Backoff worker.Backoff
}
Options configures a PG store.
type PG ¶
type PG struct {
// contains filtered or unexported fields
}
PG is the Postgres-backed outbox Store. It is safe for concurrent use by multiple relay/sweeper replicas; LeasePending and SweepExpiredLeases claim rows with FOR UPDATE SKIP LOCKED.
func NewPG ¶
NewPG builds a Postgres outbox store. The table is created by a migration (or EnsureSchema in tests), not here.
func (*PG) EnsureSchema ¶
EnsureSchema creates the outbox table and indexes if absent.
func (*PG) LeasePending ¶
LeasePending claims up to limit ready events.
func (*PG) MarkFailed ¶
func (s *PG) MarkFailed(ctx context.Context, ev Event, leaseID uuid.UUID, errMsg string, now time.Time) error
MarkFailed transitions in_flight -> pending (with backoff) or -> failed.
type RelayConfig ¶
type RelayConfig struct {
// Name labels the worker (default "outbox-relay").
Name string
// PollInterval is the lease tick rate (default 2s). The relay also runs an
// immediate first tick so a fresh process drains a backlog without waiting.

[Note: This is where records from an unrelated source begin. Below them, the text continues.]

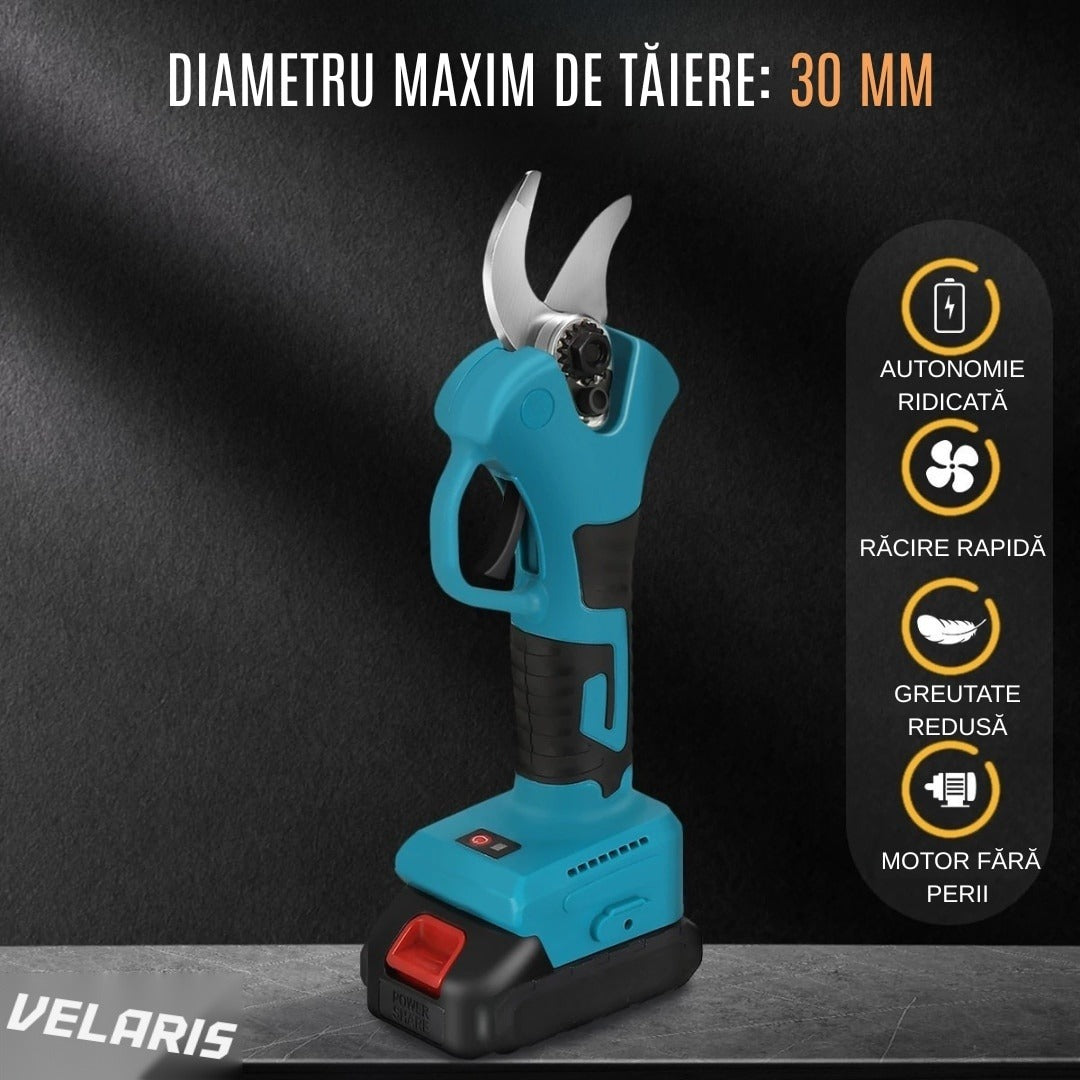 Foarfece de grădină electric 48V, 2 acumulatori, 2 lame oțel carbon, albastru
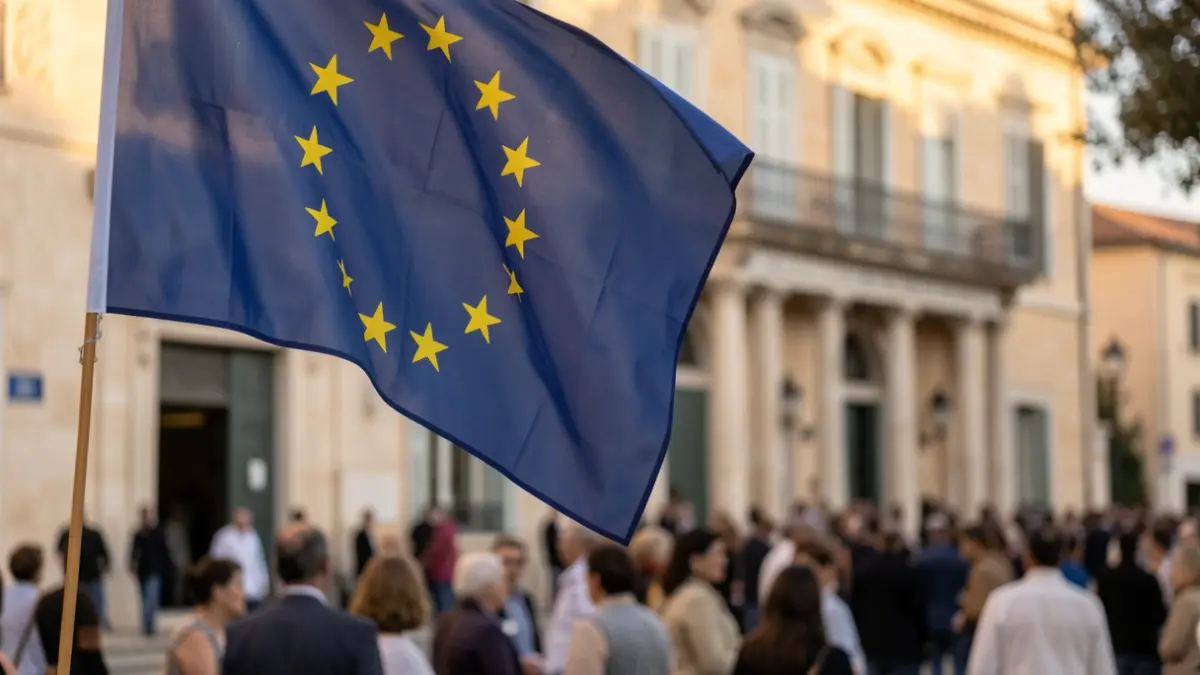 Imatge genèrica d'una bandera europea davant d'un edifici oficial.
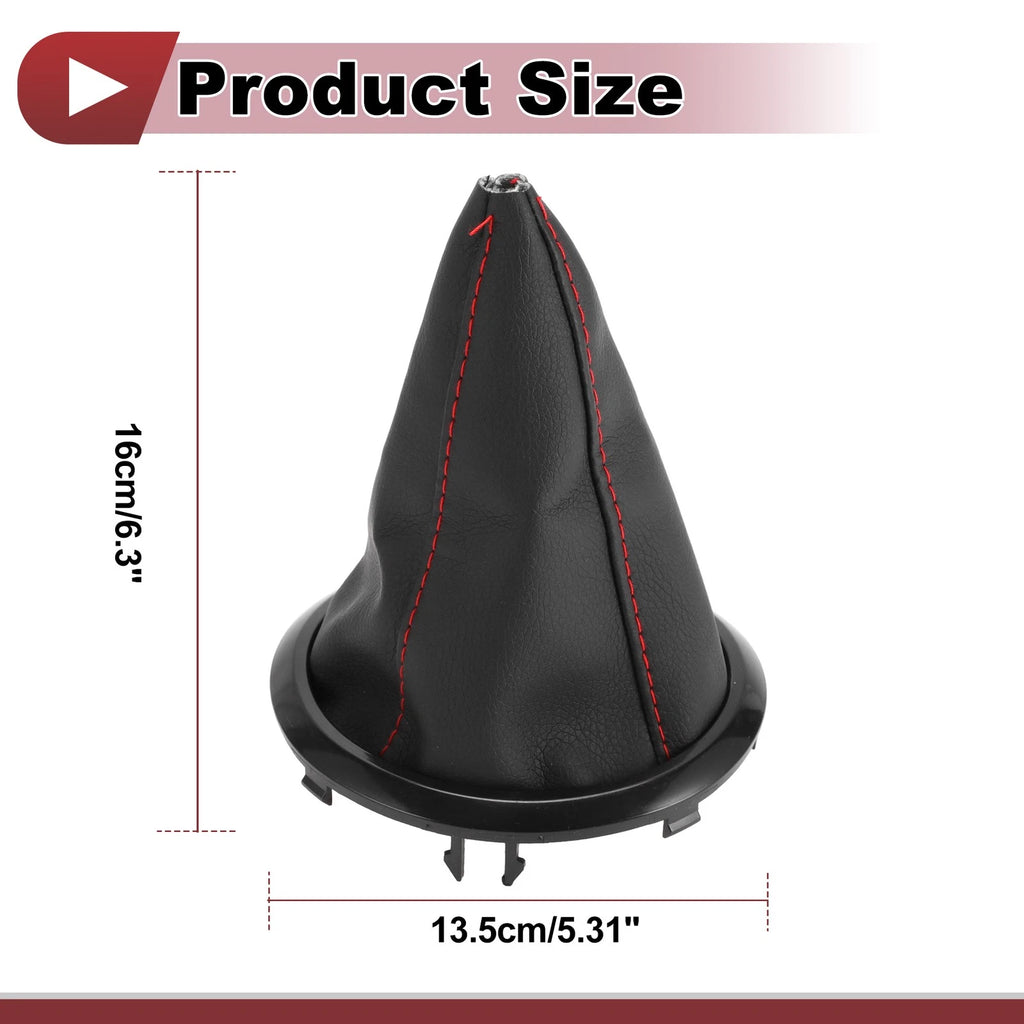 Gear Shift Stick Gaiter for Suzuki Swift (2005–2010) Black Red Faux Leather
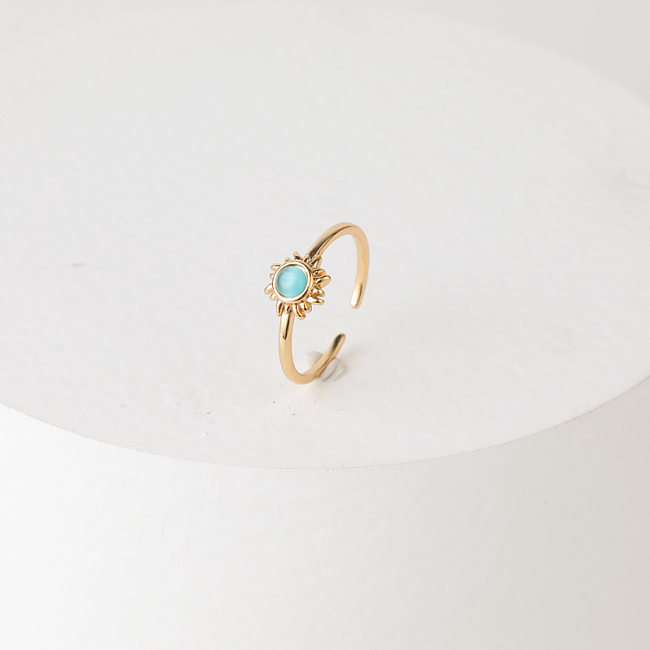 Fashion Retro Sun Gemstone Brass Plated 14k Real Gold Open Adjustable Ring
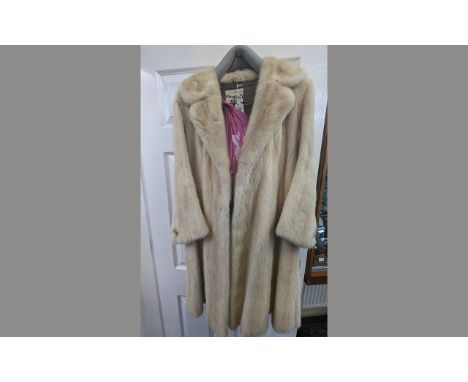 Quality Champagne Blonde Full Length Mink Coat, made by Continental Furs of Blackpool, fully lined in sateen embroidered fabr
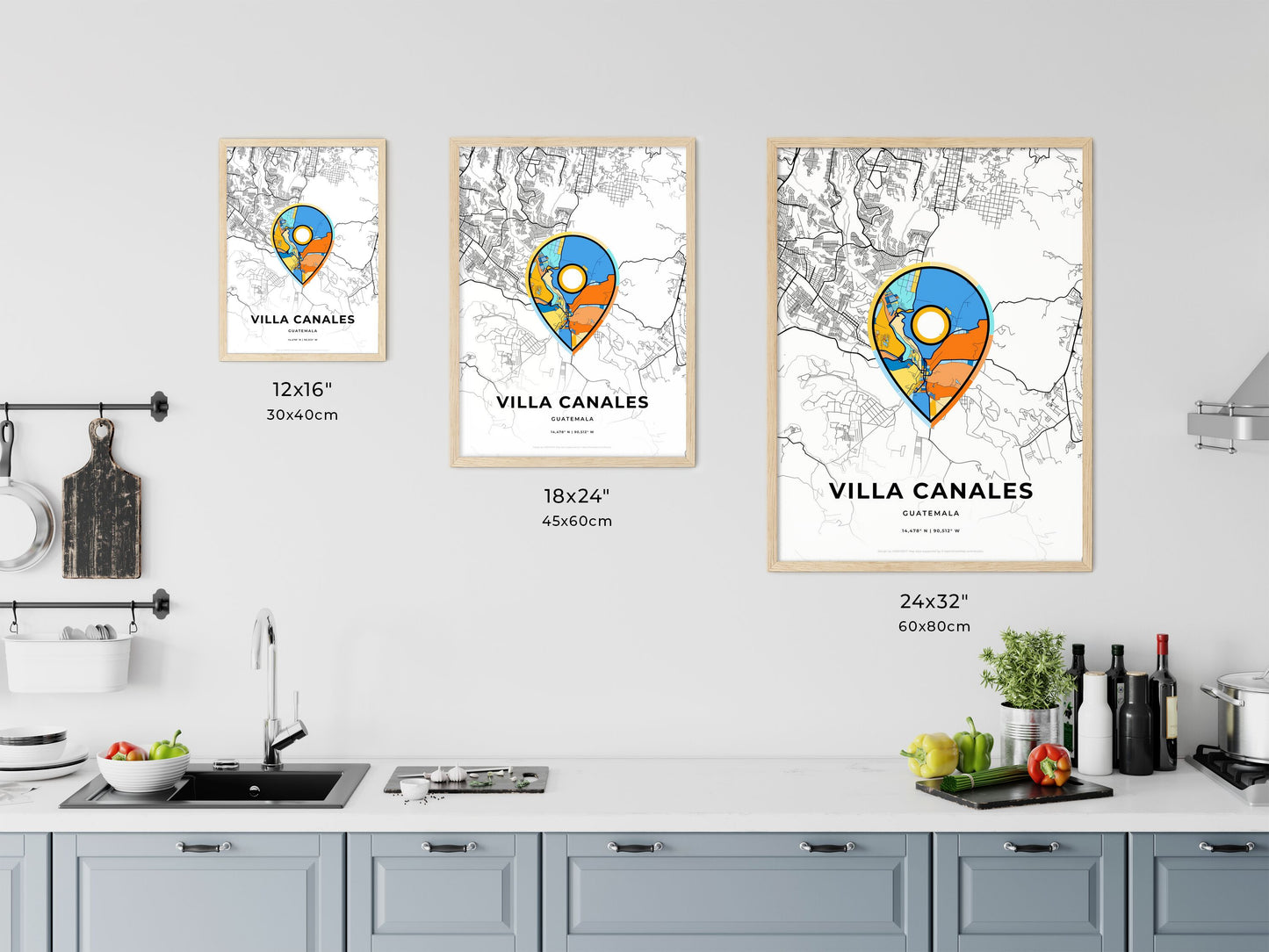 Villa Canales Guatemala art map size chart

PollInterval time.Duration
// BatchSize is the max events leased per tick (default 100).
BatchSize int
// PublishTimeout bounds each publish + its follow-up mark (default 5s).
PublishTimeout time.Duration
}
RelayConfig configures the Relay worker.
type Store ¶
type Store interface {
// WithTx returns a sibling Store whose queries run on tx. Used by WithinTran
// to insert events in the caller's domain transaction.
WithTx(tx sqlx.ExtContext) Store
// Insert writes pending events. Bound to a transaction when the Store was
// derived via WithTx.
Insert(ctx context.Context, events ...Event) error
// LeasePending atomically claims up to limit pending events whose
// next_attempt_at <= now, marks them in_flight with a fresh lease id, and
// returns them (FOR UPDATE SKIP LOCKED, so relay replicas split work).
LeasePending(ctx context.Context, now time.Time, limit int) ([]Event, error)
// MarkSent transitions in_flight -> sent. Guarded by leaseID; returns
// ErrLeaseLost on a lease mismatch.
MarkSent(ctx context.Context, ev Event, leaseID uuid.UUID, now time.Time) error
// MarkFailed transitions in_flight -> pending (attempts+1 < max, with
// next_attempt_at advanced by backoff) or -> failed (attempts+1 >= max).
// Guarded by leaseID; returns ErrLeaseLost on a lease mismatch.
MarkFailed(ctx context.Context, ev Event, leaseID uuid.UUID, errMsg string, now time.Time) error
// SweepExpiredLeases returns in_flight rows whose lease is older than
// leaseTimeout back to pending (a crashed-relay signal — attempts is NOT
// incremented). Returns the number reclaimed.
SweepExpiredLeases(ctx context.Context, leaseTimeout time.Duration, now time.Time, limit int) (int64, error)
// Cleanup deletes sent/failed rows created before now-retention. Returns the
// number of rows deleted.
Cleanup(ctx context.Context, retention time.Duration, now time.Time) (int64, error)
}
Store is the persistence port for the outbox table. The Postgres implementation is *PG.
type SweeperConfig ¶
type SweeperConfig struct {
Name string // default "outbox-sweeper"
// Interval between sweeps (default 30s).
Interval time.Duration
// LeaseTimeout: in_flight rows leased longer than this are reclaimed
// (default 1m). Set comfortably above RelayConfig.PublishTimeout.
LeaseTimeout time.Duration
// BatchSize bounds rows reclaimed per sweep (default 100).
BatchSize int
}
SweeperConfig configures the Sweeper worker.